## Task item:
The expected answer is a verbatim transcription of the lines below, beginning with the first and ending with the line that holds "a bathroom with", without pictures.

## Data entries:
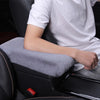 A person is sitting in a car seat with a white shirt, resting their arm on a gray plush car armrest cushion.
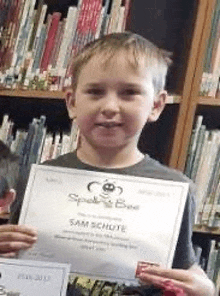 a young boy is holding a certificate in front of a book shelf .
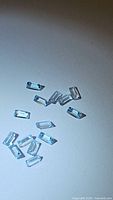 13 small baguette cut baby blue topaz gemstones with a pale blue color and good clarity arranged on a plain surface.
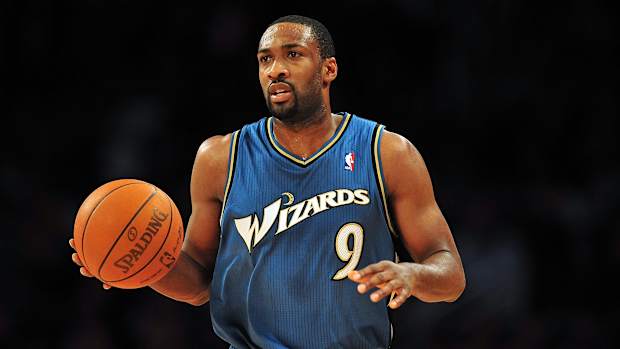 Gilbert Arenas dribbles the ball.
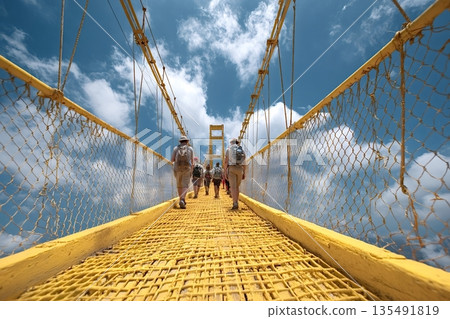 Tourists walking on yellow suspension bridge under blue sky Tourists walking on yellow suspension bridge under blue sky 135491819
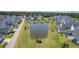 A tranquil pond surrounded by lush greenery complements the nearby lovely single-Gathering homes in this aerial scene at 1787 Timmons St, Mount Pleasant, SC 29466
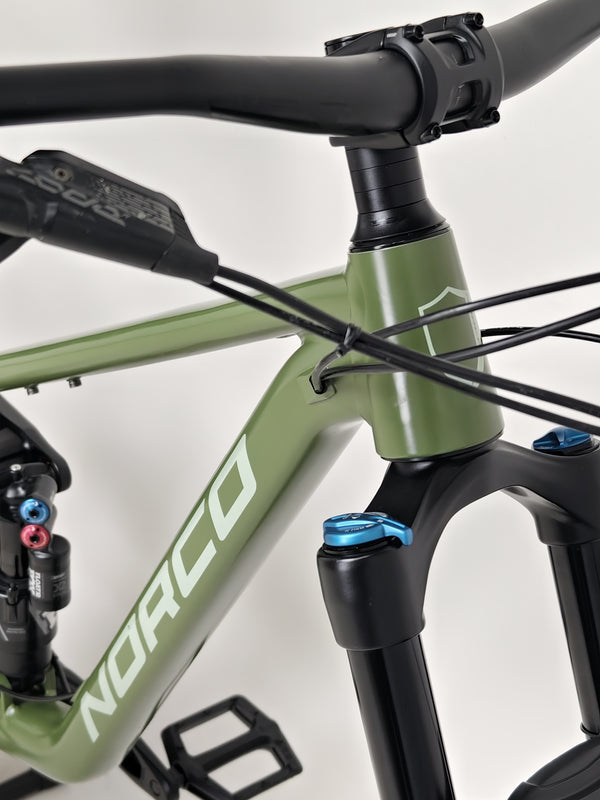 Close-up of the brake system on the Norco Sight A2 2021, including the 200mm front and 180mm rear rotors.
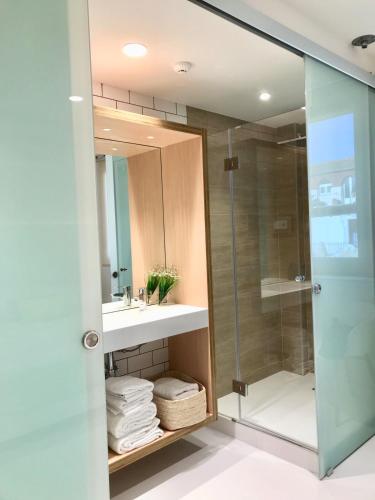 a bathroom with a shower and a sink and a mirror at Inside Bilbao Apartments in Bilbao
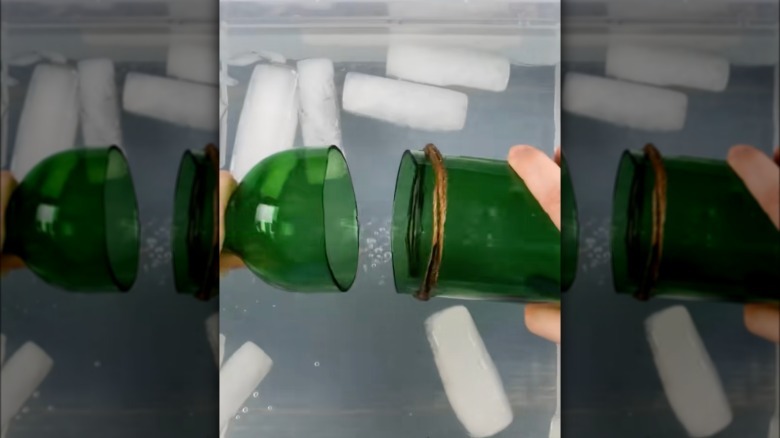 This video shows how to cut glass bottles with a string and water.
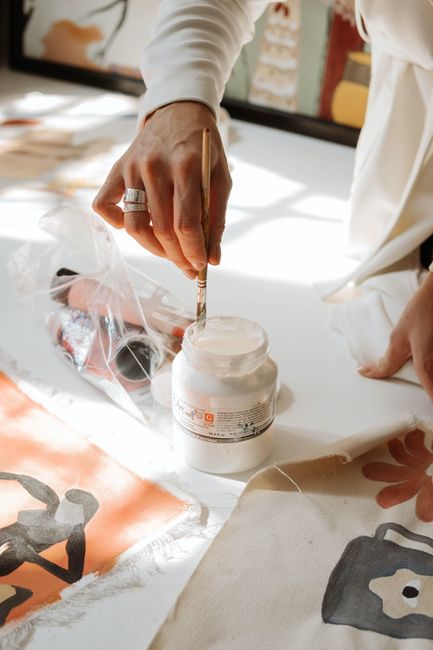 A hand dipping a brush into paint while creating art on fabric in a sunlit studio.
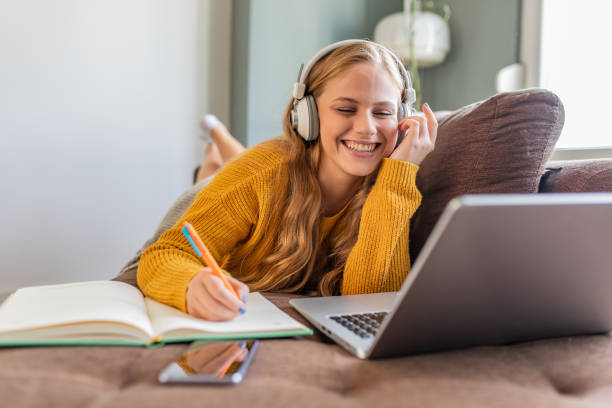 istock Beautiful young woman at home, using laptop and studying 1305172744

## Solution:
 A person is sitting in a car seat with a white shirt, resting their arm on a gray plush car armrest cushion.
 a young boy is holding a certificate in front of a book shelf .
 13 small baguette cut baby blue topaz gemstones with a pale blue color and good clarity arranged on a plain surface.
 Gilbert Arenas dribbles the ball.
 Tourists walking on yellow suspension bridge under blue sky Tourists walking on yellow suspension bridge under blue sky 135491819
 A tranquil pond surrounded by lush greenery complements the nearby lovely single-Gathering homes in this aerial scene at 1787 Timmons St, Mount Pleasant, SC 29466
 Close-up of the brake system on the Norco Sight A2 2021, including the 200mm front and 180mm rear rotors.
 a bathroom with a shower and a sink and a mirror at Inside Bilbao Apartments in Bilbao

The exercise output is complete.